Seit 2011 wächst die Bevölkerung in Deutschland - gegen jegliche Prognose - und es ist ausgerechnet der Wanderungssaldo und nicht die Geburtenentwicklung, die dafür verantwortlich ist. Der Wissenschaftsjournalist Björn SCHWENTKER schreibt deshalb in seinem Demografieblog:

Da waren's plötzlich noch mehr

"Wieder nichts: Deutschland will einfach nicht schrumpfen – obwohl das doch immer wieder vorausgesagt wird. Gerade hat das Statistische Bundesamt (Destatis) neue Schätzungen bekannt gegeben: 2013 sind wir wieder 300.000 mehr geworden. Damit lägen wir bei 80,8 Millionen Einwohnern.

Und damit hätte die Wirklichkeit die letzte Bevölkerungsprognose der amtlichen Statistiker nach nur fünf Jahren um mehr als 1,2 Millionen Einwohner übertroffen. (...)(Die) Daten (...) werfen die Frage auf: Sind Bevölkerungsprognosen angesichts solcher Fehler überhaupt noch sinnvoll?"
(demografieblog.de 14.01.2014)

Und es wird noch komplizierter! Der Zensus 2011 hat ergeben, dass wir die ganze Zeit eigentlich viel weniger waren als wir aufgrund der Bevölkerungsfortschreibung glaubten: 1,5 Millionen Menschen. Niemandem ist es aufgefallen, dass sie fehlen. Oder fehlen sie gar nicht? Etliche Städte, z.B. Berlin und Hamburg, wollen gegen die korrigierten Einwohnerzahlen klagen.

Dies zeigt, dass im Hinblick auf den demografischen Wandel Skepsis geboten ist. Aus dieser Sicht ist es lobenswert, dass RADEMACHER in seiner Dissertation den demografischen Wandel als Ideologie untersucht. Noch wichtiger ist jedoch, dass die Demografietypen der privaten Bertelsmann-Stiftung, die mit Handlungsempfehlungen für Kommunen verknüpft sind, auf ihre Tauglichkeit überprüft werden.

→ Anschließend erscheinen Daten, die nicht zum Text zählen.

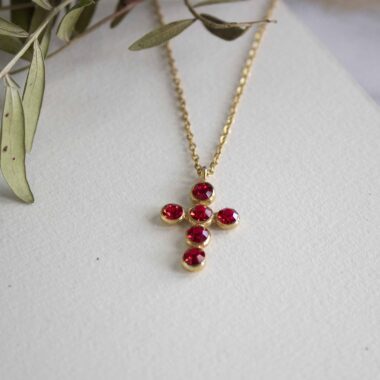 Heavenly Cross necklace with red stone, handmade artisan pendant in 24k gold plated brass on durable stainless steel chain, symbolic spiritual jewelry, boho cross necklace, unique handmade small business accessory by Sunny Designs Χειροποίητο κολιέ σταυρός Heavenly Cross με κόκκινη πέτρα, επιχρυσωμένο μενταγιόν από ορείχαλκο, ατσάλινη αλυσίδα, affordable bohemian artisan jewelry, συμβολικό κόσμημα πίστης από τη Sunny Designs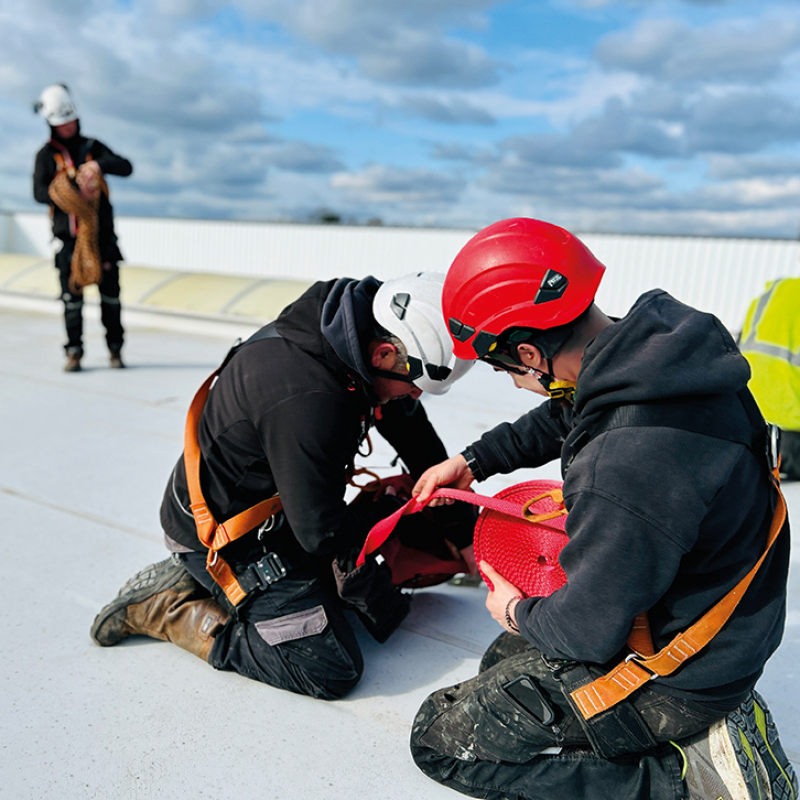 Interventions sur toitures fragiles, comment éviter la chute ?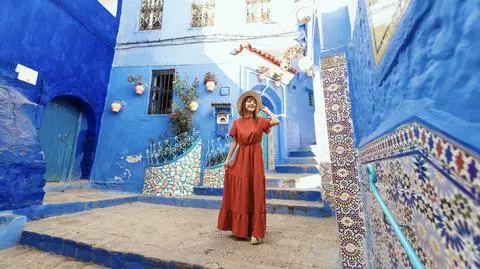 Marocco shades to nowy trend na lato 2025. Przyciąga spojrzenia i pobudza wyobraźnię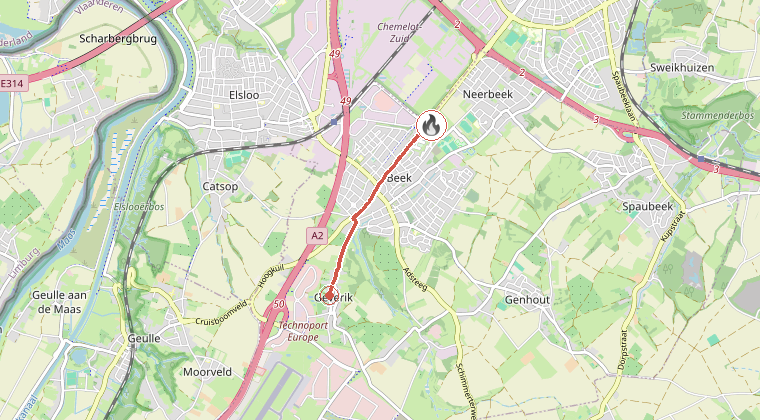 Kaart van de omgeving van de melding, met de kazerne die is gealarmeerd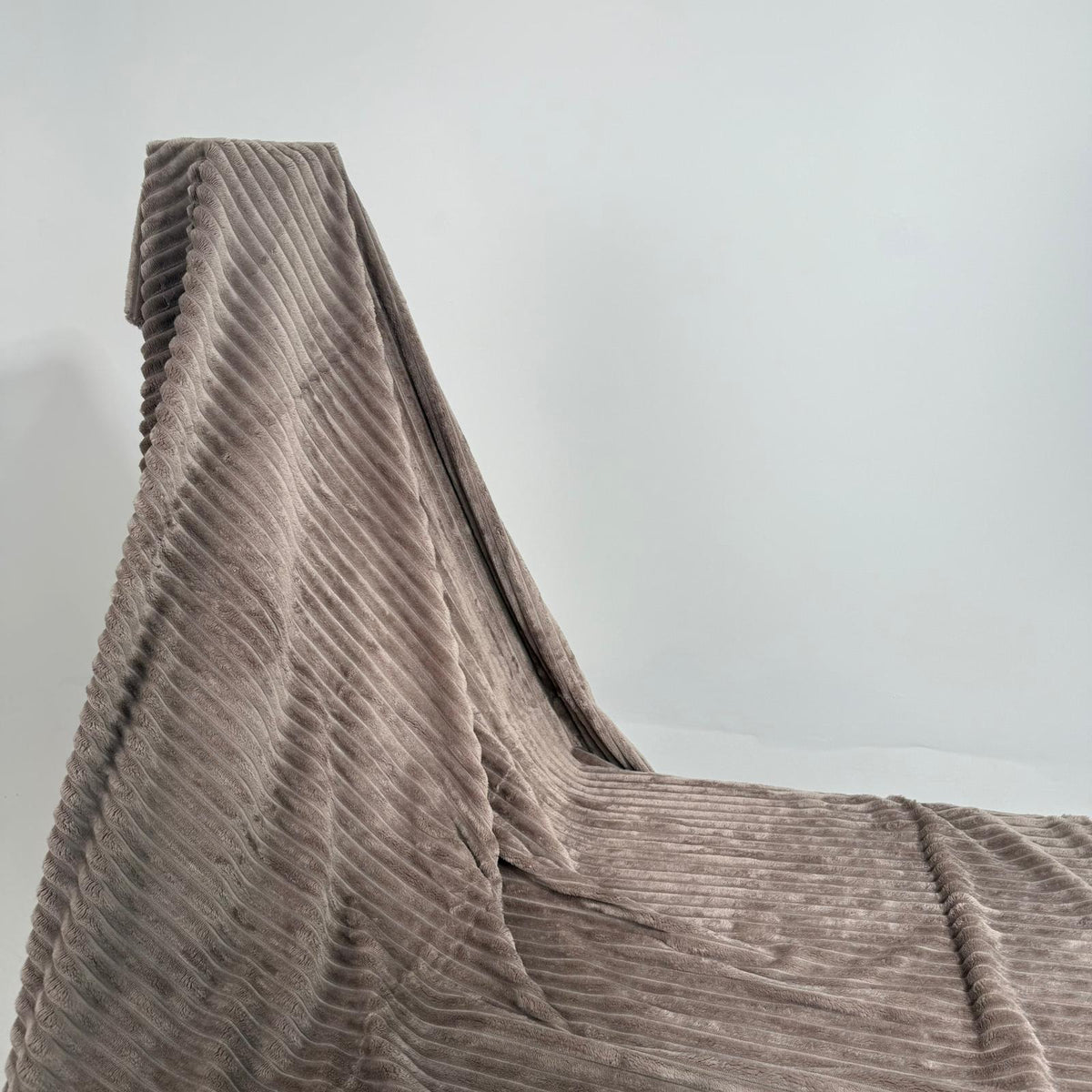 Housse de canapé rayée Roland – 170×215 cm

Dazu jedoch später.

Was heißt Demographisierung und Demographismus?

Kurz gefasst kann man Demographisierung als Umdeutung gesellschaftlicher Probleme zu demografisch bedingten Problemen auffassen. RADEMACHER stellt in seinem Buch drei sozialwissenschaftliche Konzepte der Demographisierung vor, wobei er der Sichtweise von Eva BARLÖSIUS folgt. RADEMACHER unterscheidet verschiedene Formen der Problematisierung des demografischen Wandels: der demografische Wandel kann als Katastrophe, Schicksal, Risiko, Herausforderung, Chance, Glücksfall gedeutet oder sogar geleugnet werden. Mit Demographismus bezeichnet RADEMACHER eine politische Ideologie, die bestimmte Sichtweisen auf den demografischen Wandel bezeichnen und historisch gesehen einer "Epoche des Nichtwissens" geschuldet sind:     

Deutsche Kommunen im Demographischen Wandel

"Unter Rückgriff auf Abbott (1988) wird darauf hingewiesen, »dass viele Professionen in der Vergangenheit ähnlich wie die Demographie heute - große Problemdefinitionsbereiche 'erobern' konnten« (...). Allerdings hätten sie die »eroberte Deutungshoheit« wegen fehlender Interventionselemente nicht dauerhaft behaupten können. Zu Ende gedacht bedeutet dies jedoch, dass das soziale Phänomen der Demographisierung nur eine geringe »Halbwertszeit« hat. Sollte der aktuelle Demographismus überwindbar sein, wird sich nicht nur für die Historiker, sondern auch alltagspraktisch die Frage stellen, wie derartige Erklärungen und Legitimationsmuster nicht nur entstehen, sondern auch, warum sie so lange Geltung beanspruchen konnten."
(2013, S.56)

RADEMACHER geht also davon aus, dass die Bevölkerungswissenschaft, die heutzutage quasi den Status einer Leitwissenschaft in einem weiten Bereich des politischen Handelns hat, diesen Status wieder verlieren wird, weil sie keine adäquaten Problemlösungen bereitstellen kann. Dies setzt jedoch voraus, dass empirische Untersuchungen endlich die bevölkerungspolitisch behaupteten Zusammenhänge untersuchen. Einen wichtigen Beitrag leistet dazu die Studie von RADEMACHER für den Bereich kommunalpolitischen Handelns, wie noch gezeigt werden wird.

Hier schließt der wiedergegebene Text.